Stored items
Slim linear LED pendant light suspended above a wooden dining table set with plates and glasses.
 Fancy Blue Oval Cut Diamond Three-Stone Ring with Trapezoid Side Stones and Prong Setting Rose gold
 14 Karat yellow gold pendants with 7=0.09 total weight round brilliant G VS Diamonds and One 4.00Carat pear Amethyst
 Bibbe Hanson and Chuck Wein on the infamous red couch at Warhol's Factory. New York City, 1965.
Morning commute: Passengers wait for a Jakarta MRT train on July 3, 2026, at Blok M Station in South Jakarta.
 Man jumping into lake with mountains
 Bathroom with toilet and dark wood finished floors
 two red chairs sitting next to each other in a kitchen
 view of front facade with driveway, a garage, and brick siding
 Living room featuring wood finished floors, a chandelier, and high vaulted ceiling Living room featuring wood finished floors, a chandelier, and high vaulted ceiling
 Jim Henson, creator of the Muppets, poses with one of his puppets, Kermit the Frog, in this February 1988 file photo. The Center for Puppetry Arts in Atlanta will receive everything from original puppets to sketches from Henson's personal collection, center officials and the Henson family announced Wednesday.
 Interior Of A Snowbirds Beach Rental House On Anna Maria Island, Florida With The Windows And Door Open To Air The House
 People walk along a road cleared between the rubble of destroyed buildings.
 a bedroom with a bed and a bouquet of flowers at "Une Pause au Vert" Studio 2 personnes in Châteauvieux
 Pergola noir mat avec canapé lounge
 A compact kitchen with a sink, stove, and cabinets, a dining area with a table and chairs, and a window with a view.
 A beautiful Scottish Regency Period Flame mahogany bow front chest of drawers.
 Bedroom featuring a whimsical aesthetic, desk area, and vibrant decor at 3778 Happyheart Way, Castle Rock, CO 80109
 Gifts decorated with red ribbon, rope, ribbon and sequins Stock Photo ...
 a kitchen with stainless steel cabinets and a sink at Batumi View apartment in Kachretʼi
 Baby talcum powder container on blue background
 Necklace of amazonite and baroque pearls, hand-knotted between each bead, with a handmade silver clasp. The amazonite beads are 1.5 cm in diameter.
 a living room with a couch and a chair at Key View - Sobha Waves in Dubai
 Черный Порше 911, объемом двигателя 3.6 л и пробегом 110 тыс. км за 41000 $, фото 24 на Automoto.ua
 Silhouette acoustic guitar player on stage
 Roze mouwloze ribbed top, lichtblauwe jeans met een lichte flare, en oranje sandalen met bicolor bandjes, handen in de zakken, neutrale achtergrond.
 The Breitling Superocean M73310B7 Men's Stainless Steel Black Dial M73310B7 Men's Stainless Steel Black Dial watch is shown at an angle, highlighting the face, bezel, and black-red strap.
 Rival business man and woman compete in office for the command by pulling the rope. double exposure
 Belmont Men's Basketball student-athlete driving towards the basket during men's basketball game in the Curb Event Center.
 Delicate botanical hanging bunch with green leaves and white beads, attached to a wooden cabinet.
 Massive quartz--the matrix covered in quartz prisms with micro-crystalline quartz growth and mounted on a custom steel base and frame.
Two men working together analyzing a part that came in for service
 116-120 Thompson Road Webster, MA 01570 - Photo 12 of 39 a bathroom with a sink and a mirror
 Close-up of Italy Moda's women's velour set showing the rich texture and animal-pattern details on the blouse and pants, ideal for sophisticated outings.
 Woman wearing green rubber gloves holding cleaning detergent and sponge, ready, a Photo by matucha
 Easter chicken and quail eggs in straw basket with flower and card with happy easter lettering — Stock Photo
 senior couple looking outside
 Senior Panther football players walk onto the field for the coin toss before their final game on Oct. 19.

Your task.
Look through the entries above, find each line containing "cabinets", and copy it.

Result for this task.
 A compact kitchen with a sink, stove, and cabinets, a dining area with a table and chairs, and a window with a view.
 a kitchen with stainless steel cabinets and a sink at Batumi View apartment in Kachretʼi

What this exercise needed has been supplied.